C.W. Knuckles was a "yellow Dog Democrat." But that was before he met Bob Dole while the two recuperated from war wounds in an Army hospital in Battle Creek, Mich.
Since 1976, the Poplar Bluff city councilman has voted Republican, although he describes himself as an independent. Knuckles backs Dole for president as he has in Dole's previous presidential bids.
Knuckles and his wife, Eloise, traveled from Poplar Bluff to visit briefly with Elizabeth Dole during her campaign stop at the Missouri Veterans' Home in Cape Girardeau Wednesday afternoon.
Dole was in Cape Girardeau to campaign for her husband and presidential hopeful Bob Dole.
She stopped at the Veterans' Home before attending a late-afternoon GOP rally at the Holiday Inn. A standing-room-only crowd of about 300 party faithful attended.
At 78, the white-haired, soft-spoken Knuckles still vividly remembers his first encounter with Bob Dole.
Knuckles was in Gen. Patton's Third Army in World War II. He suffered a concussion when a bomb exploded and about a month later, in September 1944, he was shot and wounded in the spine as the Army pushed through France.
Knuckles ended up in the Army hospital in Michigan after the war. He was talking to a friend and fellow officer who also had been wounded.
"I guess I must have said something nasty about the Republicans," he said.
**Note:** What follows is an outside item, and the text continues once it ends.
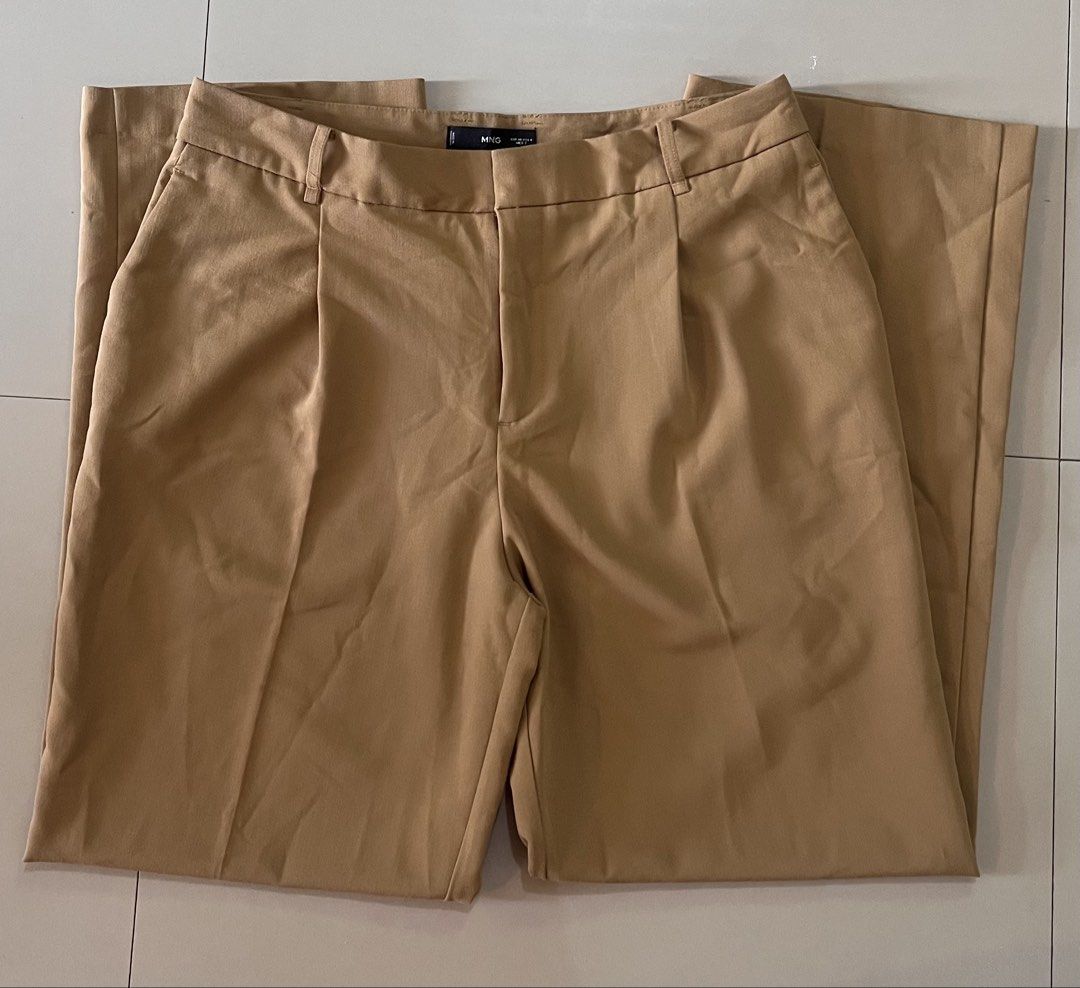 Mango Pleated Wide-Leg Trousers (Camel) (Category: Other Bottoms) located in Malay. Submitted by spacetrips (Listing ID 1459115660, Image 3). Description: Super chic and effortless tailored wide-leg pants from Mango in a gorgeous neutral camel tone. Features classic front pleats, side pockets, belt loops, and a hidden zip/hook closure. Flattering high/mid-rise fit that drapes perfectly. Super versatile—dress them up for the office with a blazer o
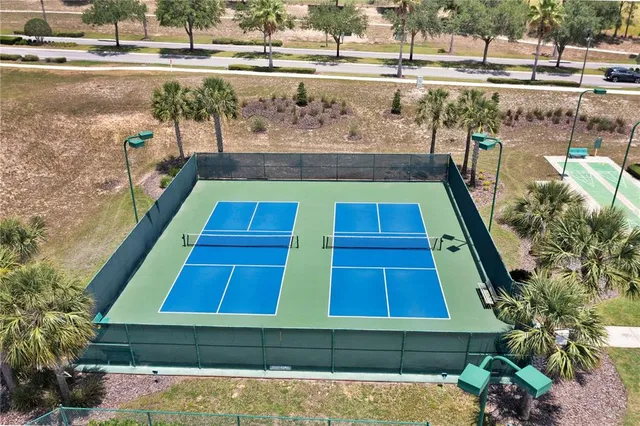 a view of swimming pool with a yard and seating area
Dole overheard the comment and proceeded to criticize Knuckles. "He ripped me," Knuckles recalled.
They ended up sharing both friendship and politics.
"I got to know him well enough that I know he is a good, honest person," said Knuckles, who underwent numerous operations and was in and out of hospitals for more than two decades.
He moved back to the Southeast Missouri area in 1967. He subsequently worked for the Poplar Bluff School District, retiring as its business manager in 1986.
Elizabeth Dole chatted briefly with residents of the Veterans' Home as she walked through a part of the facility Wednesday. She was trailed by veterans' officials, security personnel, campaign staff and the news media.
"Obviously veterans are very important to my husband," she told reporters.
She said her husband had serious war injuries. Among other things, he had a high fever. "They didn't think he would live long," she said.
If her husband is elected president, Dole said she would continue to head up the American Red Cross.
Dole said she would encourage Americans to donate more money to charities. "On average, Americans give less than 2 percent of their income to charities."
At the GOP rally, Dole touted tax cuts, welfare reform and a tough stand on crime as she walked through the crowd.
"Taxes are going only one way with Bob Dole, and that's down," she said.
She said her husband wants to scrap the current tax code in favor of a "fairer, flatter and simpler" tax system.
Congress passed $245 billion in tax cuts in 1995, but President Clinton vetoed them, Elizabeth Dole said.
She said her husband, the former majority leader of the Senate, fought Clinton's efforts to make major cuts in the defense budget.
Dole said her husband trained with broomsticks in the Army because of inadequate defense spending.
She said her husband believes Hollywood and the entertainment industry have cut away at America's traditional values. Television shows have offered up "night after night of casual violence and even more casual sex," she said.
She said Bob Dole doesn't want to censor Hollywood, but encourage those in the industry to be responsible citizens.
She said her husband wants to eliminate the U.S. Department of Education and encourage school-choice programs to make education competitive.
State Reps. Mary Kasten of Cape Girardeau, David Schwab of Jackson and Patrick Naeger of Perryville, state Sen. Peter Kinder of Cape Girardeau and lieutenant-governor candidate Bill Kenney attended the rally. Kasten, Kinder and Kenney spoke at the rally.